__PROBLEM DETAILS__:
Output only the lines below that start at the line containing "Golden golden botanical roses" and end at the line containing "Zdjęcie w galerii", with both ends kept.

[Data extracted from a collection]
--

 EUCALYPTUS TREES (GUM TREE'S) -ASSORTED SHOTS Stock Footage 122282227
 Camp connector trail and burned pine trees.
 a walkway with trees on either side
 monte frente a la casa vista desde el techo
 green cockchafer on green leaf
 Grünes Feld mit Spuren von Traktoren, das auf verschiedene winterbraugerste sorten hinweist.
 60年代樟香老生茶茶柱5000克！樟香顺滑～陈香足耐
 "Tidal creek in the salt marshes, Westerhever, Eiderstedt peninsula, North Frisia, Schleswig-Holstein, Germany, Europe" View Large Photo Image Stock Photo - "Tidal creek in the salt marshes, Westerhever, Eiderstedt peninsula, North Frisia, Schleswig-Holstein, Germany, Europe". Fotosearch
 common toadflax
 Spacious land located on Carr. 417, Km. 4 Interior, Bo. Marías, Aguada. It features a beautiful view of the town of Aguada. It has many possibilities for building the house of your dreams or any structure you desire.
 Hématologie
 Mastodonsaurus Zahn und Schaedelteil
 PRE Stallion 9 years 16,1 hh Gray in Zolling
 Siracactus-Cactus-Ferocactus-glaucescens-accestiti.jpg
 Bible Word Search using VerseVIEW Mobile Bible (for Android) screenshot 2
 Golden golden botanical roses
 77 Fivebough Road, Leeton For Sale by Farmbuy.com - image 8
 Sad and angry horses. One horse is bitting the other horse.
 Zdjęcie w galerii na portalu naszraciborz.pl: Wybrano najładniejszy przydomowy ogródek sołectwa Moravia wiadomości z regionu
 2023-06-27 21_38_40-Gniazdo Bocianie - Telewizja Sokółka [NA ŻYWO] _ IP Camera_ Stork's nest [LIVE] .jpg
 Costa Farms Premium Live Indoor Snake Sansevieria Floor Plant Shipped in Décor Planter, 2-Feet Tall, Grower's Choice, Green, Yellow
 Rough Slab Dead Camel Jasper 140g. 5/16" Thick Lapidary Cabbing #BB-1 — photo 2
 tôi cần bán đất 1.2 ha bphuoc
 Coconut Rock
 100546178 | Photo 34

--

__THE ANSWER__:
 Golden golden botanical roses
 77 Fivebough Road, Leeton For Sale by Farmbuy.com - image 8
 Sad and angry horses. One horse is bitting the other horse.
 Zdjęcie w galerii na portalu naszraciborz.pl: Wybrano najładniejszy przydomowy ogródek sołectwa Moravia wiadomości z regionu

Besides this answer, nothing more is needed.